_Directions_
Verbatim copy, images omitted: return the full listing.

_Provided material_
↓
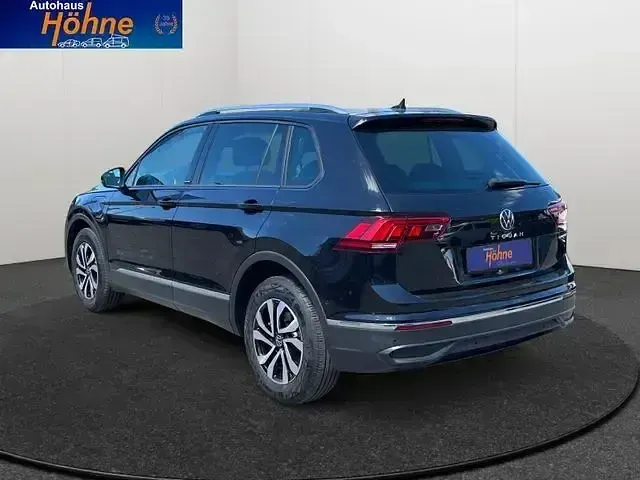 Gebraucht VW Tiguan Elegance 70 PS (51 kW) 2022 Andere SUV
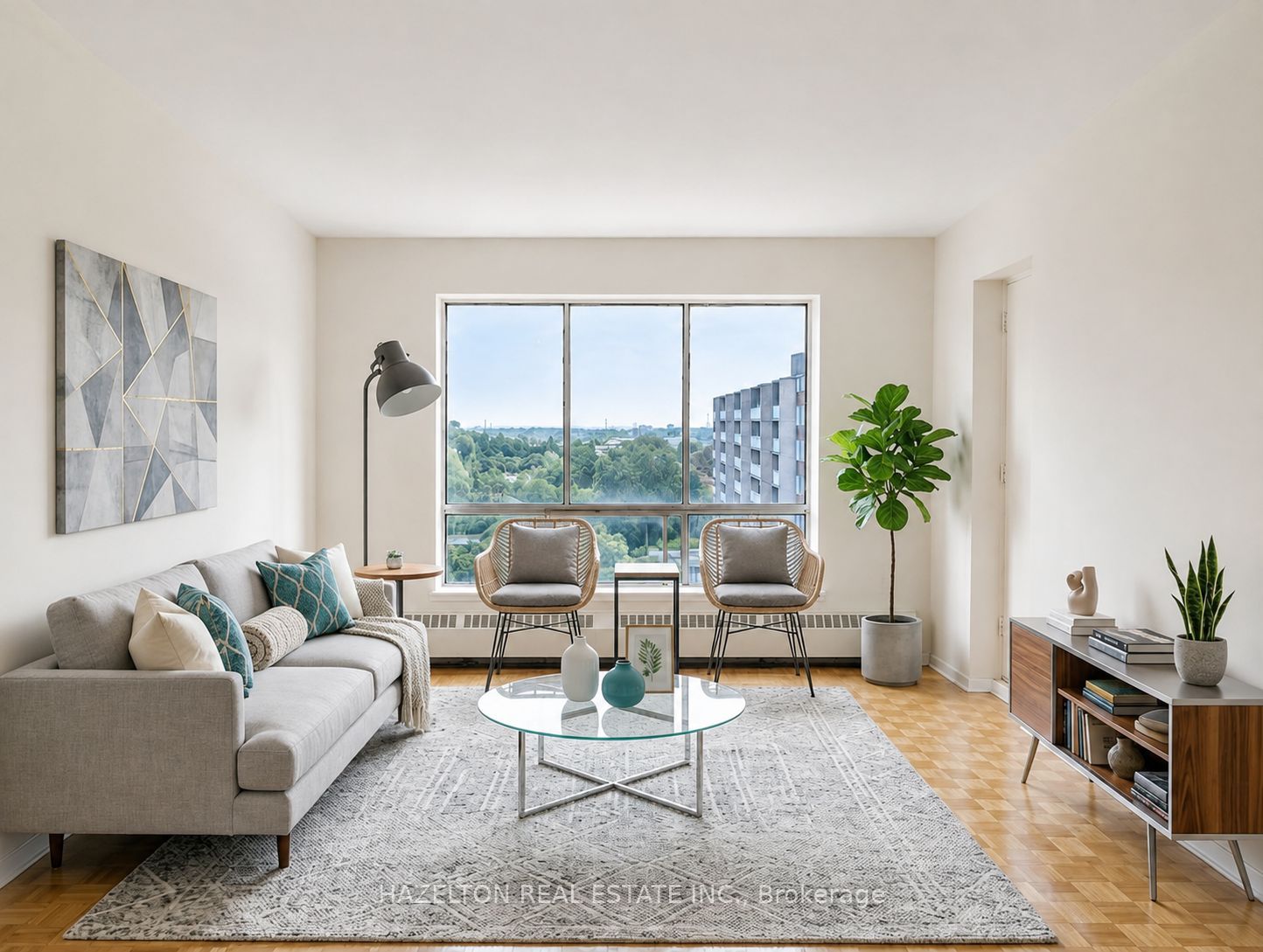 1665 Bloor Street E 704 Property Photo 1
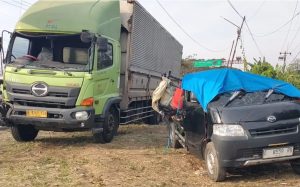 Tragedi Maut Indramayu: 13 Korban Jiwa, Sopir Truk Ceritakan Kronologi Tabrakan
↑
_Answer box_
 Gebraucht VW Tiguan Elegance 70 PS (51 kW) 2022 Andere SUV
 1665 Bloor Street E 704 Property Photo 1
 Tragedi Maut Indramayu: 13 Korban Jiwa, Sopir Truk Ceritakan Kronologi Tabrakan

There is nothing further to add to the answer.